Published: (April 8, 2026 at 05:05 AM EDT)
2 min read

Source: Android Authority

TL;DR

  • Apple is facing a lawsuit from YouTubers over alleged use of videos to train its AI models.
  • The creators claim Apple used their content without permission, payment, or credit.
  • A dataset called Panda‑70M is at the center, indexing millions of YouTube clips for AI training.

Lawsuit Overview

Three YouTube channels—h3h3Productions, MrShortGame Golf, and Golfholics—have sued Apple, alleging that the company secretly collected videos from the platform to train its AI models (via MacRumors).

The complaint asserts that Apple:

  • Downloaded and used the videos directly, bypassing YouTube’s protection mechanisms.
  • Violated the Digital Millennium Copyright Act (DMCA) by circumventing systems designed to protect copyrighted material.
  • Profited from the creators’ content without providing compensation or attribution.

Key Claims

The lawsuit alleges that Apple’s actions constitute copyright infringement because the company:

  • Accessed each video individually, constituting separate acts of scraping.
  • Used the videos to train its AI systems without obtaining licenses or providing credit.

Unfair Profit

The plaintiffs contend that Apple derived significant commercial benefit from the dataset, yet offered nothing in return to the video creators.

The Panda‑70M Dataset

Apple’s researchers referenced a dataset named Panda‑70M in a 2025 paper on video‑generation AI (Apple Research).

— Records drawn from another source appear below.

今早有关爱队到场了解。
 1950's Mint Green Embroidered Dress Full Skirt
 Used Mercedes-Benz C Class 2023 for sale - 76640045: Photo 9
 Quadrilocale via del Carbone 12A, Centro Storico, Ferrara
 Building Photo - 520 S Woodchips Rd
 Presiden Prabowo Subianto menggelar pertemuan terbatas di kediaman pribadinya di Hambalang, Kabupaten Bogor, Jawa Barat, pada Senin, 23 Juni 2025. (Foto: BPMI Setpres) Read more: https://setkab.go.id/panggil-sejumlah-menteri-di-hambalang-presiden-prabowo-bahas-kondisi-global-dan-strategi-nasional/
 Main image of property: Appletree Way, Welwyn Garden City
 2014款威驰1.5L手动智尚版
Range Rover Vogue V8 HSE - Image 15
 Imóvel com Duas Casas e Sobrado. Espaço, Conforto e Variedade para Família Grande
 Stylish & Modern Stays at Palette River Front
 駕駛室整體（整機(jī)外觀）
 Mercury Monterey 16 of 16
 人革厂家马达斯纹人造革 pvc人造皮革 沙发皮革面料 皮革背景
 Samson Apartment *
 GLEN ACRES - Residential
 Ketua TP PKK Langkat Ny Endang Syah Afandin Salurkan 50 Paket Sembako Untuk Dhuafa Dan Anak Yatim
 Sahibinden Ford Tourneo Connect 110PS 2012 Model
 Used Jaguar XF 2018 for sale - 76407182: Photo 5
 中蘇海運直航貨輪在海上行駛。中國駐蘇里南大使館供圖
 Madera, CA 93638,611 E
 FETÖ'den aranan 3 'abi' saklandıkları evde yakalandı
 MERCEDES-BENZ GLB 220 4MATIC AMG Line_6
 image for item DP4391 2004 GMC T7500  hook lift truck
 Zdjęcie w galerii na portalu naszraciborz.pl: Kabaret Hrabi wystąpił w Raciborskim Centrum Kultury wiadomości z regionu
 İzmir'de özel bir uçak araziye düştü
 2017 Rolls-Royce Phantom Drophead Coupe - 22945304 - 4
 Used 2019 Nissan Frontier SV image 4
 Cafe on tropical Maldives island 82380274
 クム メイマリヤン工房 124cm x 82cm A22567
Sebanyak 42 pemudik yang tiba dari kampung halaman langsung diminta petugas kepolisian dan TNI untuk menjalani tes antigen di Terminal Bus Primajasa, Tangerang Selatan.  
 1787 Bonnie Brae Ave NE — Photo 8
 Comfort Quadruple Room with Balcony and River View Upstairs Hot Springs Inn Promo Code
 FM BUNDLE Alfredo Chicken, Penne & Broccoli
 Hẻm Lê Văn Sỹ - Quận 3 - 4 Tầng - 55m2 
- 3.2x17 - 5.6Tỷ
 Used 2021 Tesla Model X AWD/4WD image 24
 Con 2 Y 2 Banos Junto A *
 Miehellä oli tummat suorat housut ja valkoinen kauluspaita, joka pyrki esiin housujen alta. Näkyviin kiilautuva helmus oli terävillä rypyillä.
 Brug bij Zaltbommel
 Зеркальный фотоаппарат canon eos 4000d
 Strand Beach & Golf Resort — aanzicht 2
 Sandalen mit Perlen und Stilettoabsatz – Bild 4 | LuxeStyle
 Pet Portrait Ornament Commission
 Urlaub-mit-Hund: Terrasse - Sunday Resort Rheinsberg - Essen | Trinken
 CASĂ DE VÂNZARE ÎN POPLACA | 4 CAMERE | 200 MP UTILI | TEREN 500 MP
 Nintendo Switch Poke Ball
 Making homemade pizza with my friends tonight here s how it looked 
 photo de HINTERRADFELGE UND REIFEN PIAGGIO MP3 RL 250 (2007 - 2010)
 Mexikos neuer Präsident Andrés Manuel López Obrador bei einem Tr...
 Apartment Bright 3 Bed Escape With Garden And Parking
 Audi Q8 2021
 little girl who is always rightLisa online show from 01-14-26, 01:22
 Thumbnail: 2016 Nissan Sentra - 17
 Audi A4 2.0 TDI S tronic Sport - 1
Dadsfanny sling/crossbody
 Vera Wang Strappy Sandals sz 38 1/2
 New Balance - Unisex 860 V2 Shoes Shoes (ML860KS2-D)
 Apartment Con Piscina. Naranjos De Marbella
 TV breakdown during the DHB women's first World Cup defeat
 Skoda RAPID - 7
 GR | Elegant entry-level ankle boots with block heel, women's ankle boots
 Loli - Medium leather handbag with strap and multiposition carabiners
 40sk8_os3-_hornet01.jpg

Key characteristics of Panda‑70M:

  • An indexed collection of millions of YouTube clips, organized by URLs, timestamps, and identifiers.
  • Requires extracting each clip from YouTube, which the plaintiffs argue involves bypassing YouTube’s safeguards.
  • The plaintiffs’ own videos appear hundreds of times within the dataset.

Current Status

Apple has not disclosed detailed information about how it processed the data, though its research papers confirm the use of YouTube videos in AI training. The lawsuit seeks monetary damages and potentially an injunction to halt further use of the scraped content.